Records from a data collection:
§

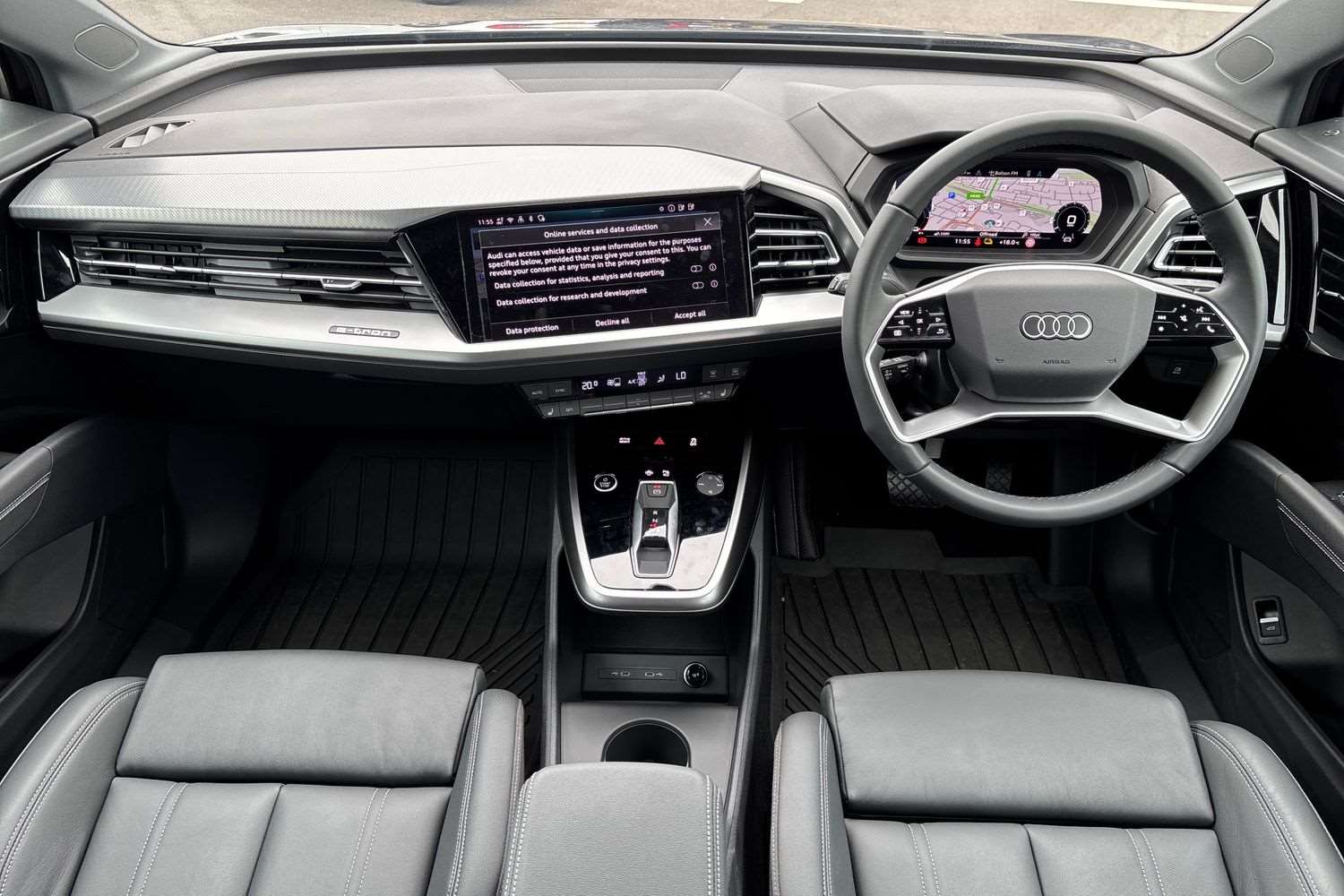 Used Audi Q4 e-tron 2025 for sale - 76113475: Photo 12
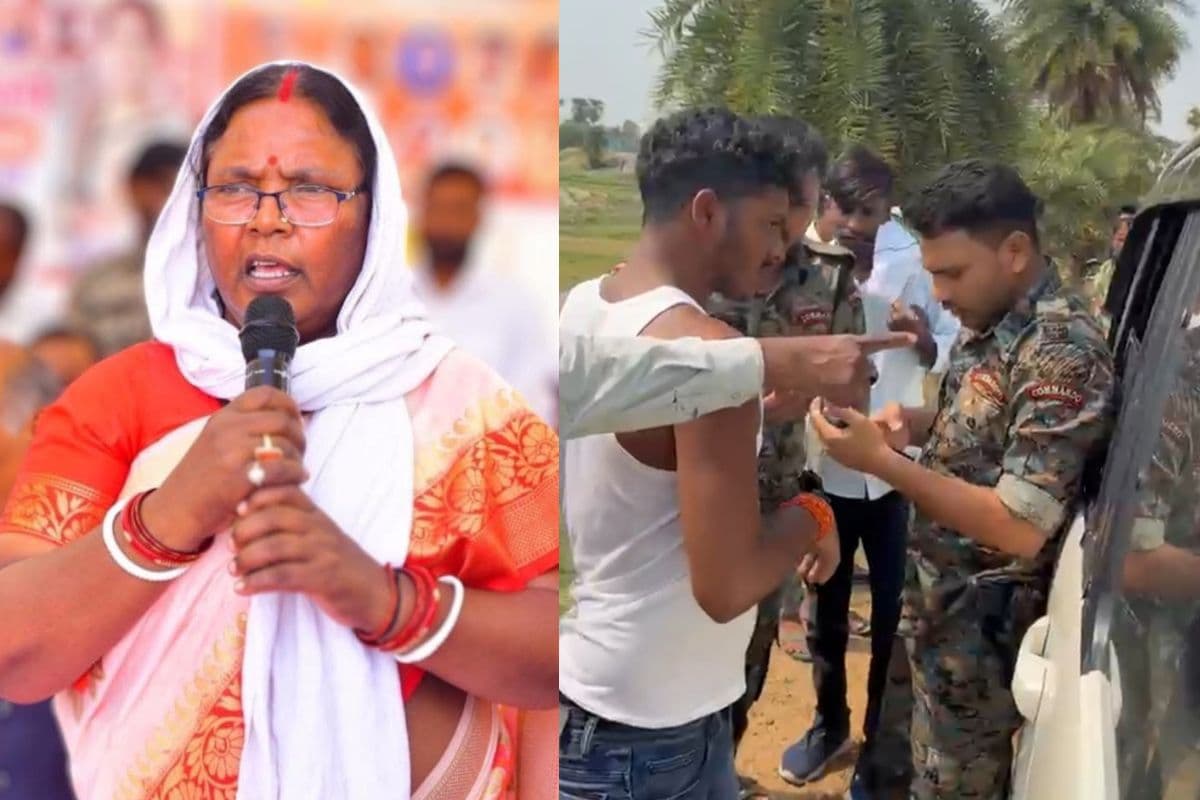 विधायक ज्योति देवी के काफिले पर हमला, बॉडीगार्ड को भी पीटा, 20 के खिलाफ मामला दर्ज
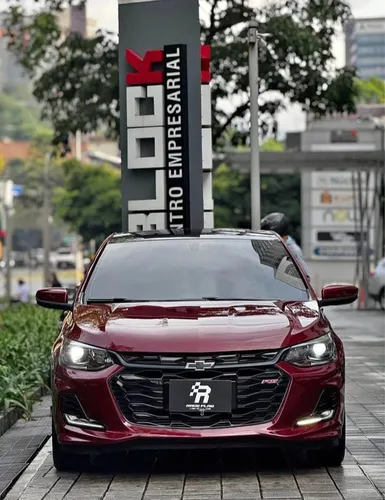 Chevrolet Onix RS 2021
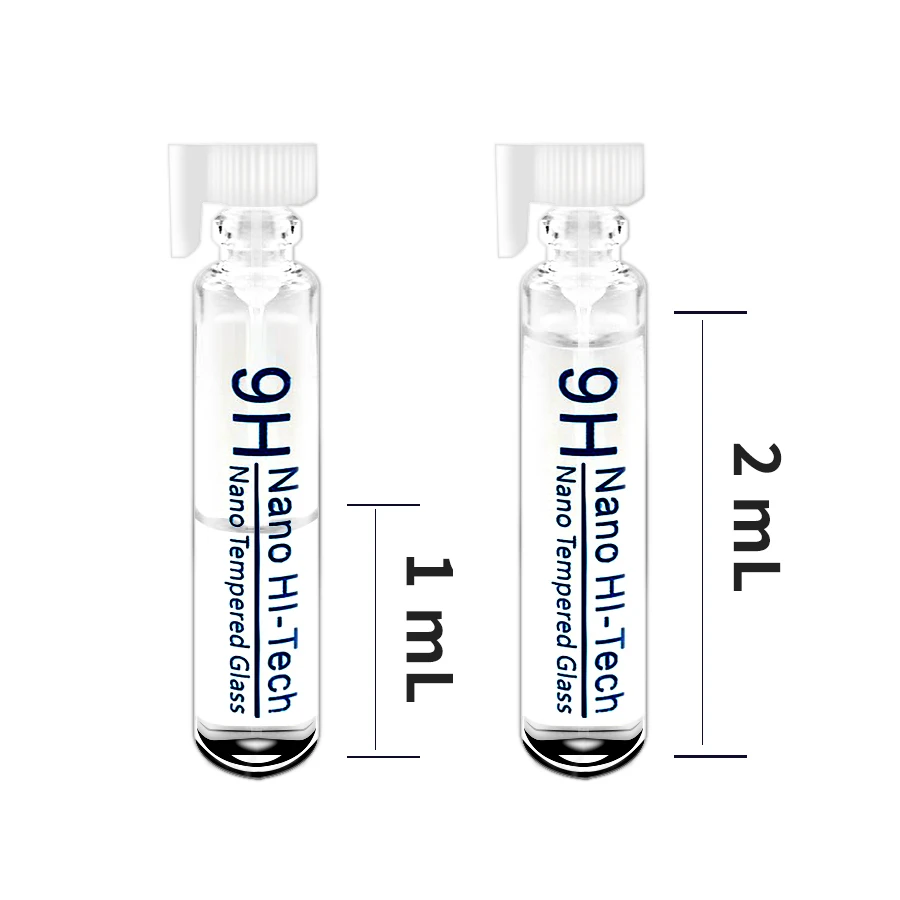 Жидкий экран протектор для Samsung Xiaomi NANO технология невидимое закаленное стекло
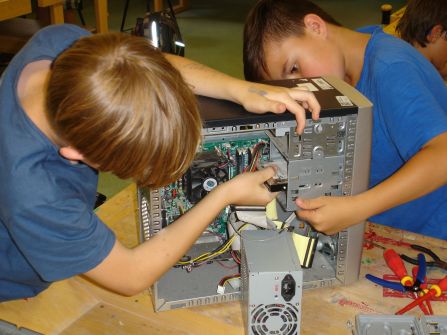 Gegenseitige Hilfe 3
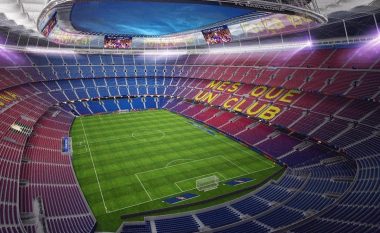Spanja do të miratojë stadiumet me kapacitet 100%, zbulohet data se kur do të mbushen sërish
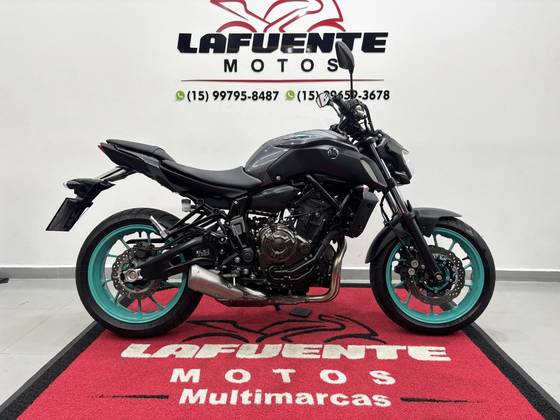 YAMAHA MT-07 ABS 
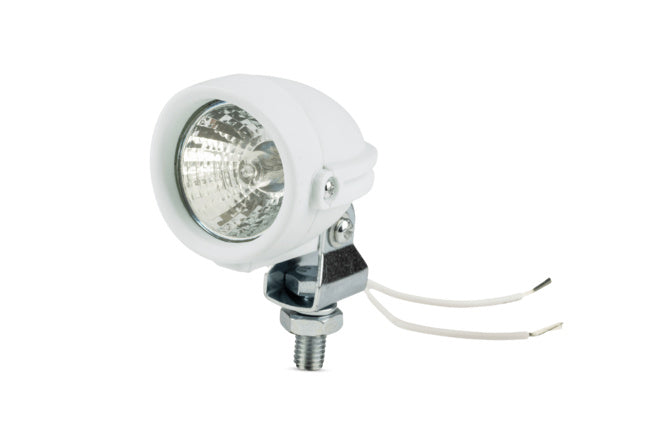 Motorcycle Extra Light d.35mm white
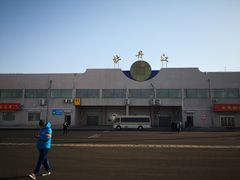 -牡丹江海浪国际机场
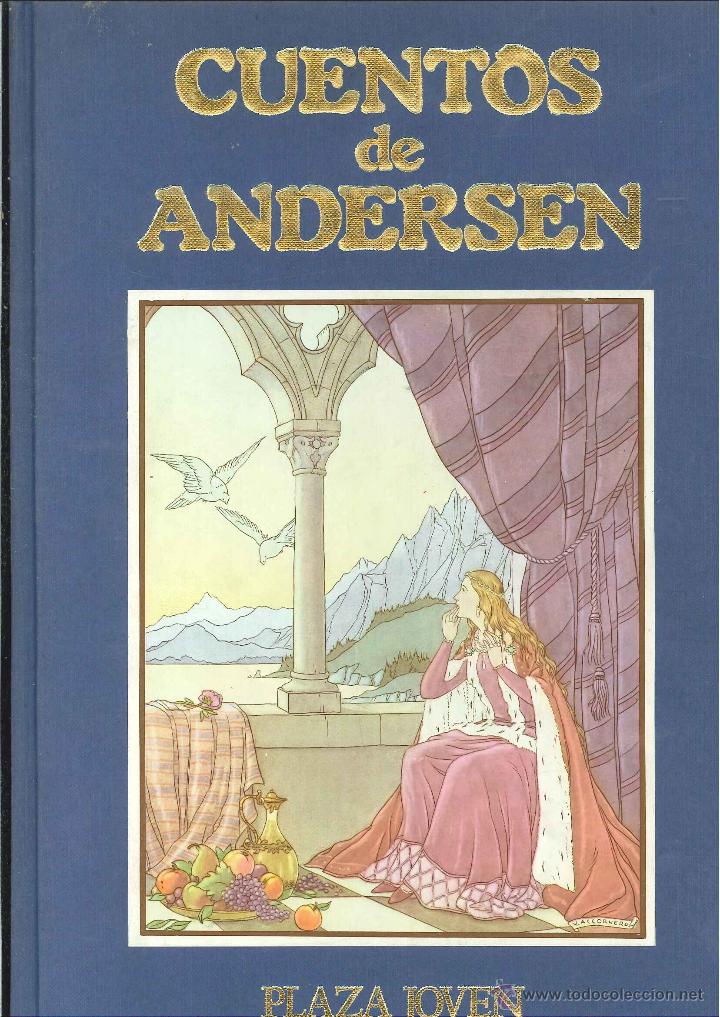 Libros de segunda mano: CUENTOS DE ANDERSEN. H. C. Andersen - Foto 1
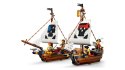 LEGO Creator 3w1 31387 - Legendarny statek piracki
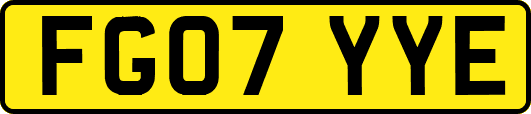 FG07YYE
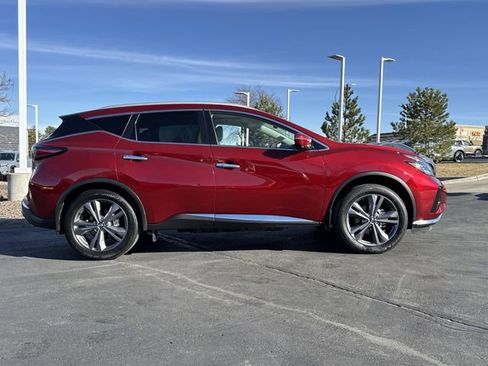 Certified 2024 Nissan Murano Platinum w/ Cargo Package image 2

§

TRY IT: Now transcribe all the entries above exactly, so that no picture is carried over.

ANSWER BOX:
 Used Audi Q4 e-tron 2025 for sale - 76113475: Photo 12
 विधायक ज्योति देवी के काफिले पर हमला, बॉडीगार्ड को भी पीटा, 20 के खिलाफ मामला दर्ज
 Chevrolet Onix RS 2021
 Жидкий экран протектор для Samsung Xiaomi NANO технология невидимое закаленное стекло
 Gegenseitige Hilfe 3
Spanja do të miratojë stadiumet me kapacitet 100%, zbulohet data se kur do të mbushen sërish
 YAMAHA MT-07 ABS 
 Motorcycle Extra Light d.35mm white
 -牡丹江海浪国际机场
 Libros de segunda mano: CUENTOS DE ANDERSEN. H. C. Andersen - Foto 1
 LEGO Creator 3w1 31387 - Legendarny statek piracki
 FG07YYE
 Certified 2024 Nissan Murano Platinum w/ Cargo Package image 2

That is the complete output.